So, you want to be Chief of Staff to the Australian Prime Minister? The Gatekeepers provides the key lessons to equip you for the job.
Australian prime ministers need help and it is their chief of staff who supports the person and the office, steering the prime minister through the challenges and landmines of political leadership. It is about making sure the urgent doesn't crowd out the important. It comes down to finely tuned coordination. It is about winning support in cabinet, caucus and country.
The Gatekeepers offers unparalleled insights into how things really work at the centre of Australia's governing networks from those who have worked as chiefs of staff under prime ministers from Fraser to Rudd. It identifies eight key lessons for success as the PM's gatekeeper and shock absorber.
It reveals what to do, what not to do, how to do it and how not to do it.
Provides a good account of political life, attempts to go beyond the West-Wing-esque fantasy vision of politics that has become a prevalent view inside and outside of politics alike.
The former Chiefs-of-Staff that the authors have managed to pull together in their focus group is impressive. However, it would have been useful to have those CoS from the Rudd and Gillard years. This may have improved their attempted analysis of what went right and wrong in those years. However, the analysis they do make of those years by drawing upon the comments and observations made by CoS from Fraser, Hawke, Keating and Howard administrations, is a sound (and perhaps accurate) one.

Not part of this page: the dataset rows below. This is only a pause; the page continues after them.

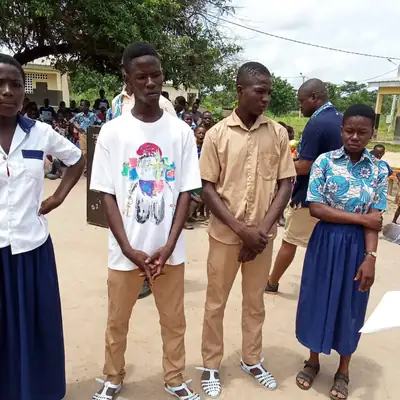 Fondation Jrakaud — action de terrain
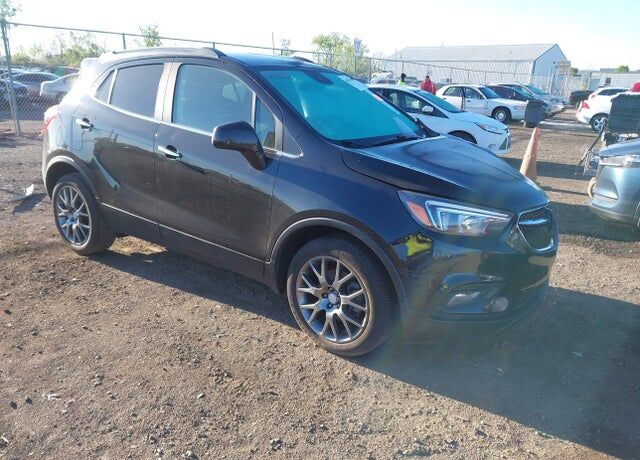 2020 BUICK Encore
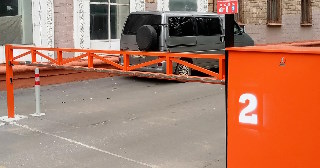 Купить антивандальный шлагбаум Салават, цена от 4122 руб.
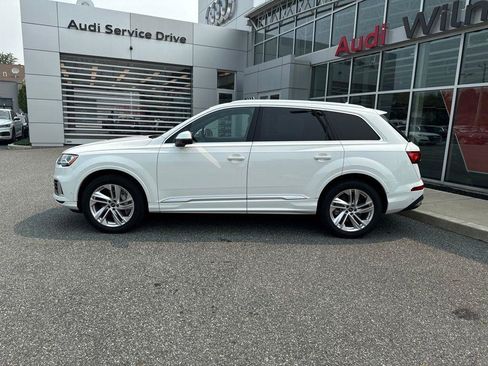 Certified 2022 Audi Q7 2.0T Premium AWD/4WD image 8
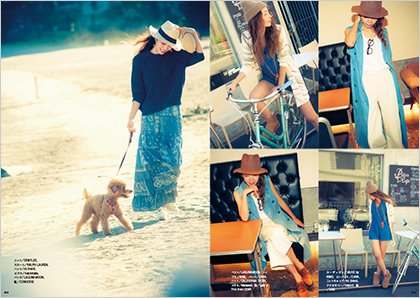 mariko_0808　FASHION STYLE BOOK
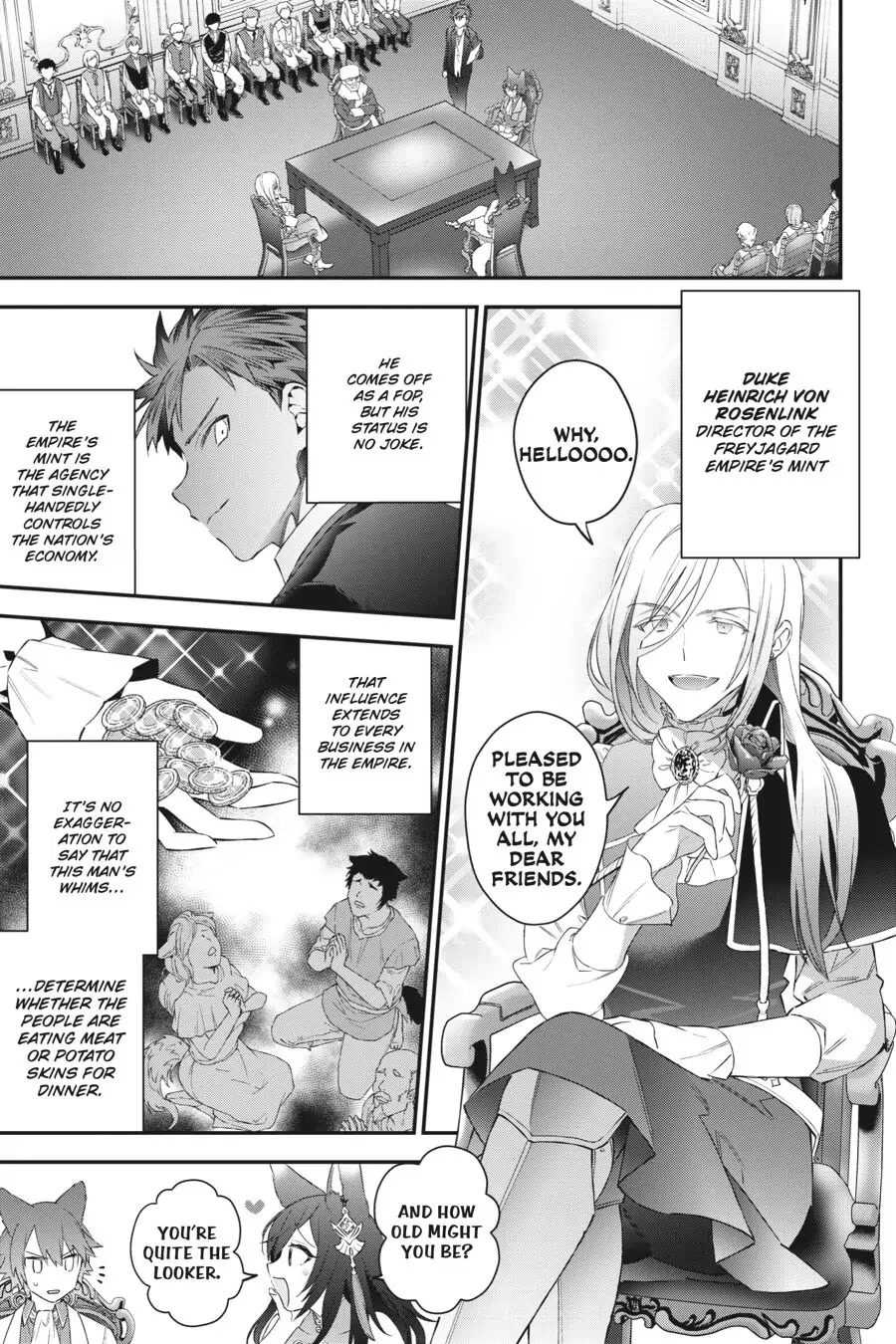 Choujin Koukousei-tachi wa Isekai demo Yoyuu de Ikinuku you desu! Chapter 53 - Page 1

For political and non-political readers alike, this is worth a look.
A helpful summary of the issues facing a CoS. While based on round table discussions with PMO CoS from Fraser-Rudd, it will help CoS at the state level to get their head around some of the challenges of the role. It's not an exciting book, more of a basic factual guide (weighted to an academic, bureaucratic perspective, while acknowledging that political staffers also have a key role the PS cannot fulfil).